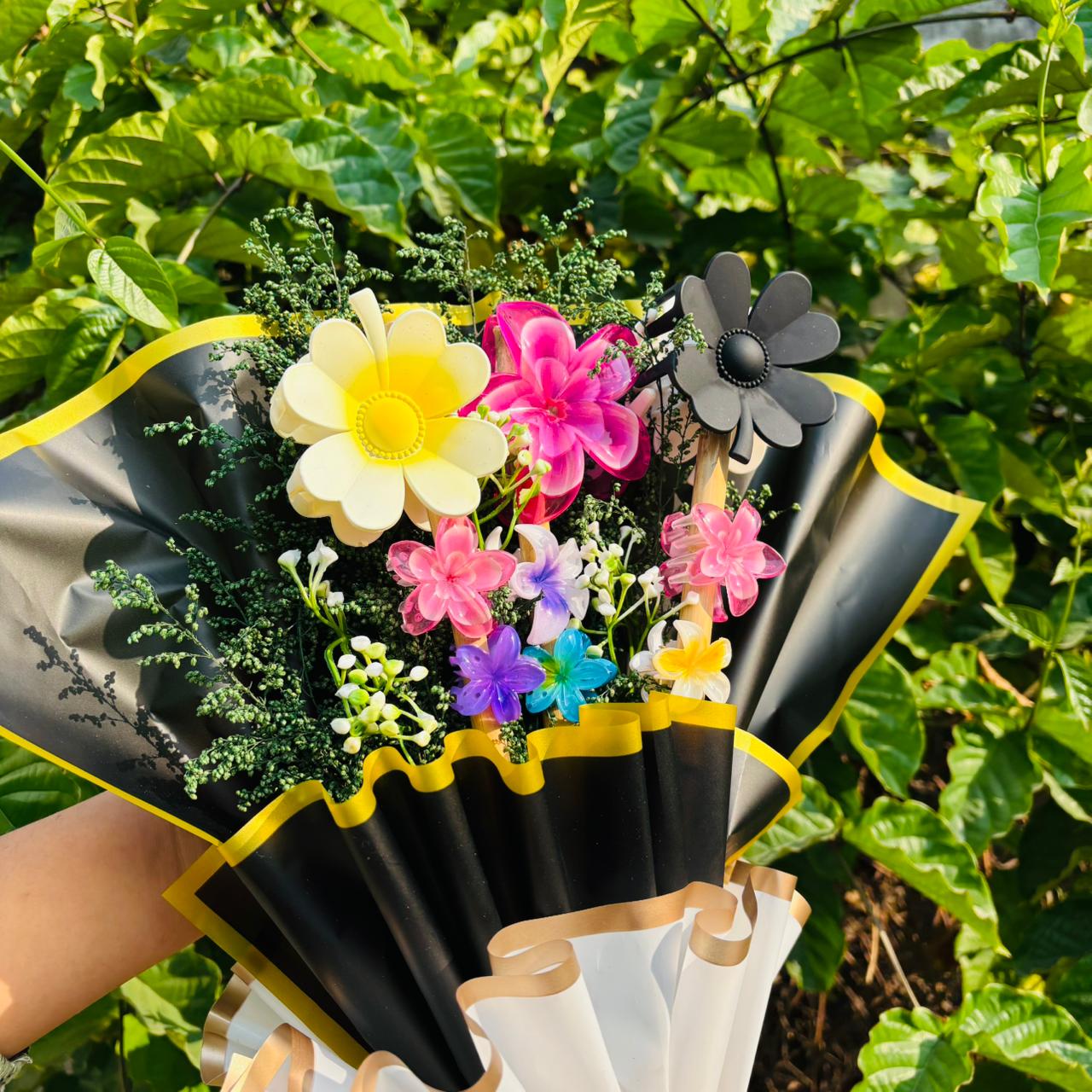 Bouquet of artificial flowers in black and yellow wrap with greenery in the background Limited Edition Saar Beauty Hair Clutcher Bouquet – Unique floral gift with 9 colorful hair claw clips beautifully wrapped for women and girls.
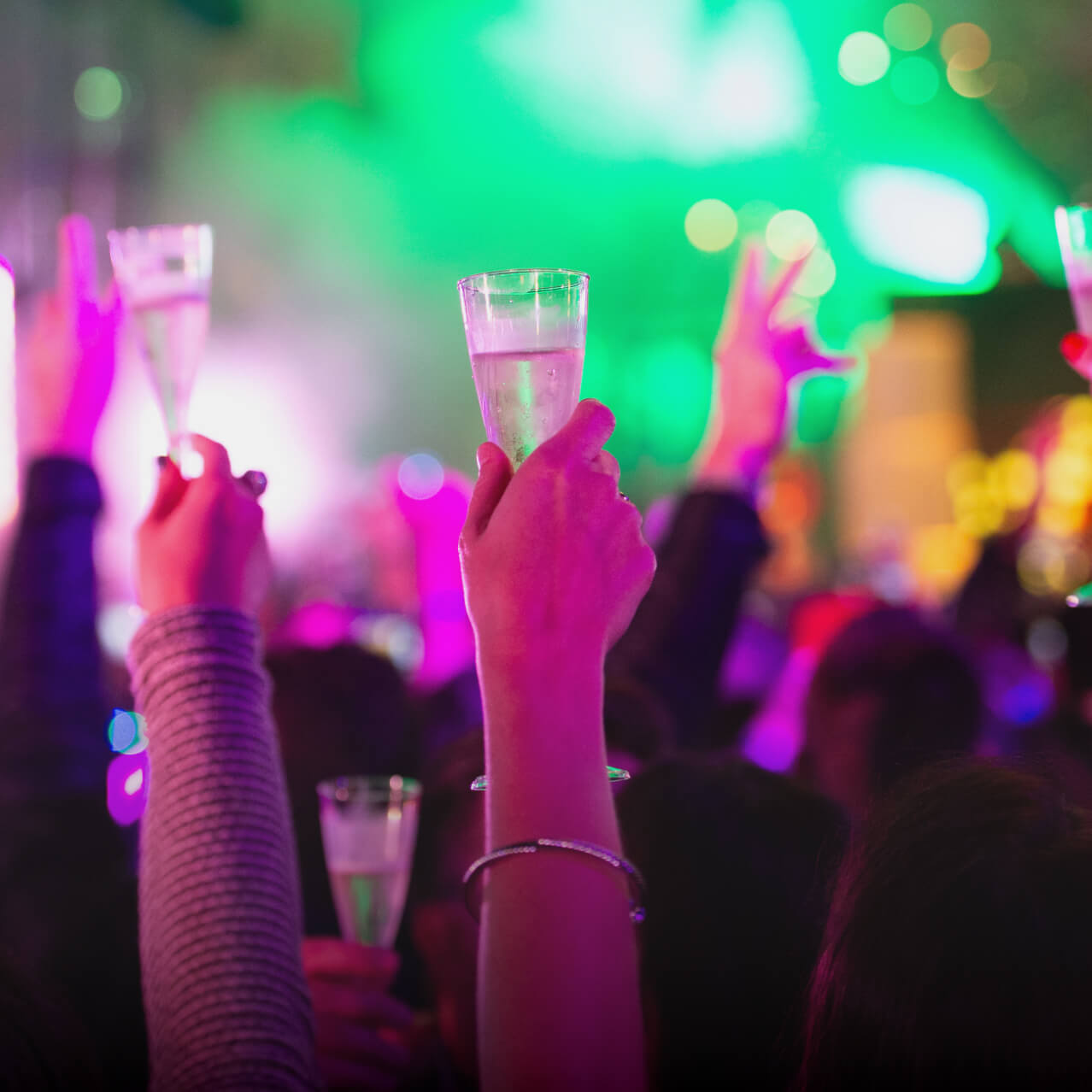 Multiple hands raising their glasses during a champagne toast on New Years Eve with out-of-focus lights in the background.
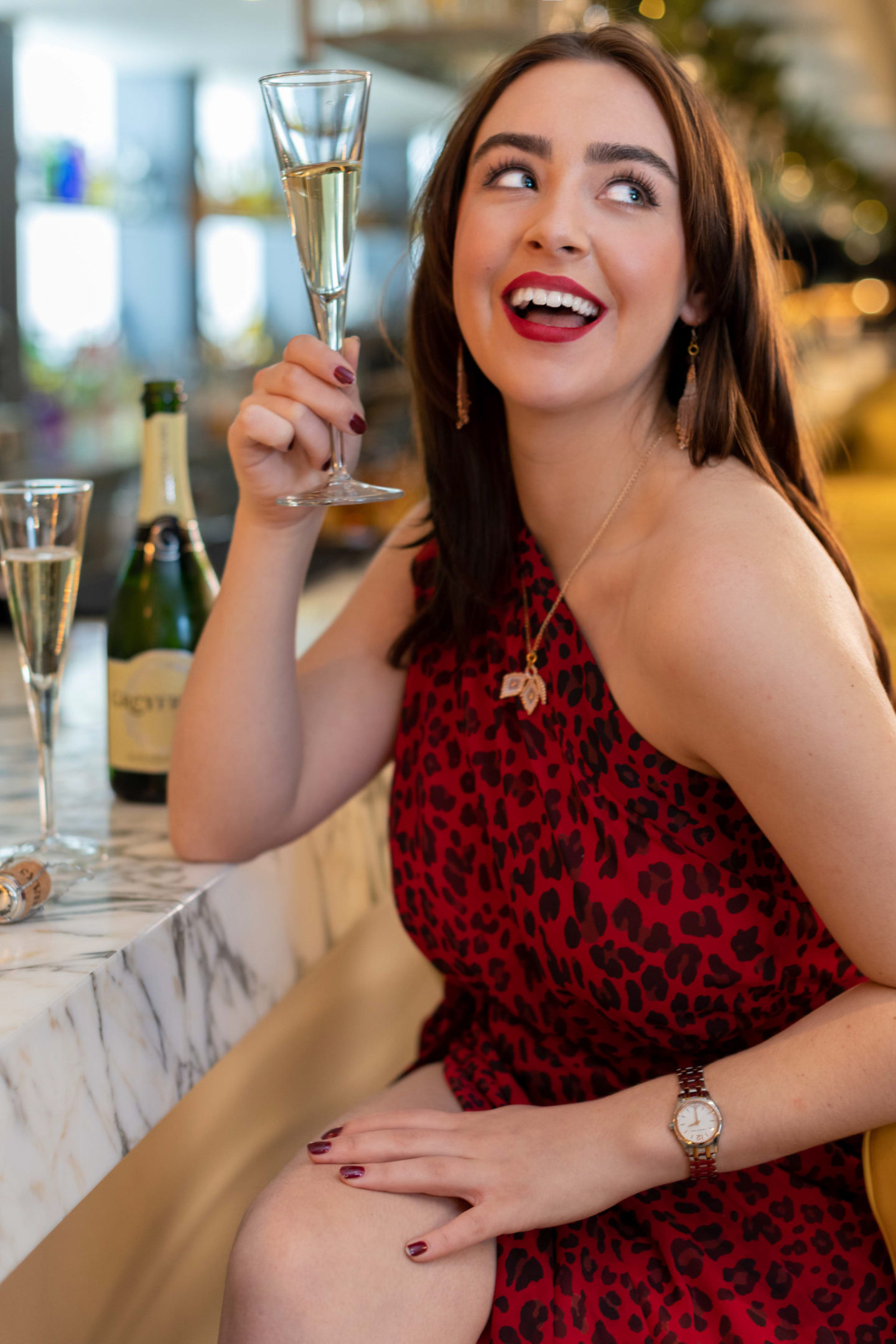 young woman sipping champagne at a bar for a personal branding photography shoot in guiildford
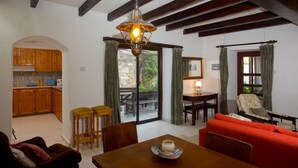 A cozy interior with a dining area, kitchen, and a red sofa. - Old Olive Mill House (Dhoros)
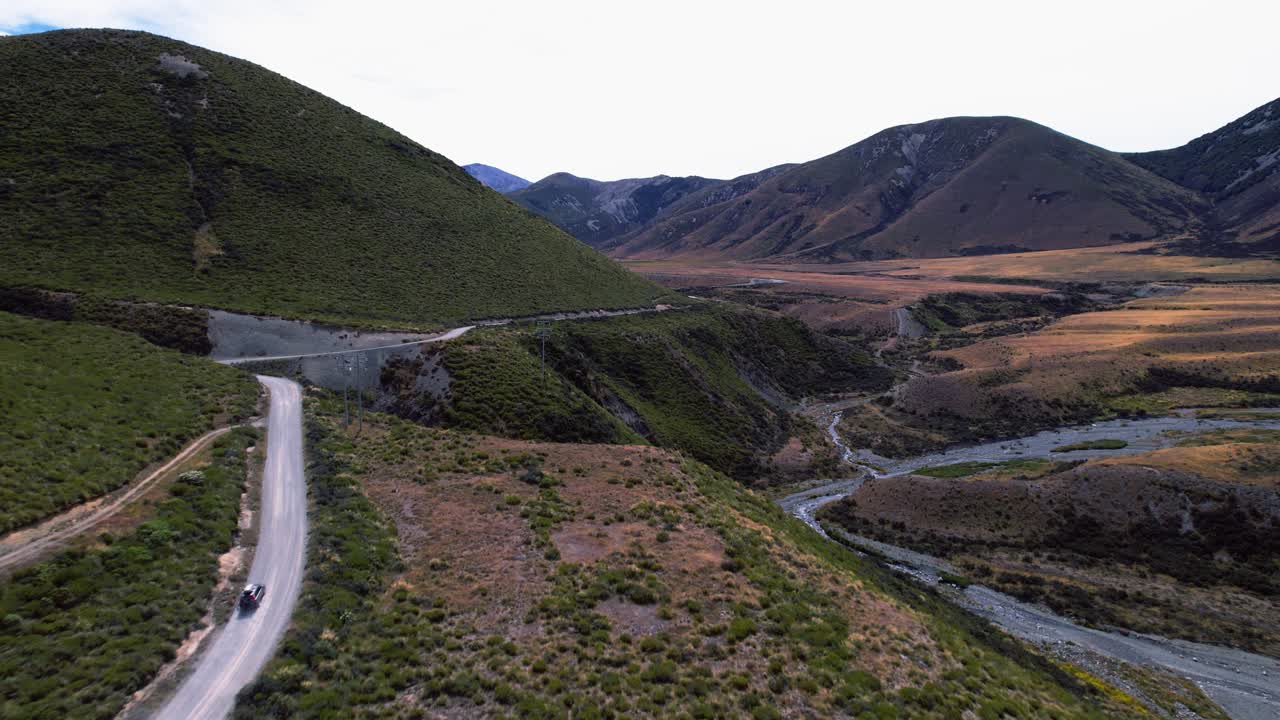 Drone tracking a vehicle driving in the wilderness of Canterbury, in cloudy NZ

========================================

▸ **EXERCISE BRIEF**:
Each entry should appear again exactly as written, pictures excluded.

▸ **OUTPUT FOR THIS TASK**:
 Bouquet of artificial flowers in black and yellow wrap with greenery in the background Limited Edition Saar Beauty Hair Clutcher Bouquet – Unique floral gift with 9 colorful hair claw clips beautifully wrapped for women and girls.
 Multiple hands raising their glasses during a champagne toast on New Years Eve with out-of-focus lights in the background.
 young woman sipping champagne at a bar for a personal branding photography shoot in guiildford
 A cozy interior with a dining area, kitchen, and a red sofa. - Old Olive Mill House (Dhoros)
 Drone tracking a vehicle driving in the wilderness of Canterbury, in cloudy NZ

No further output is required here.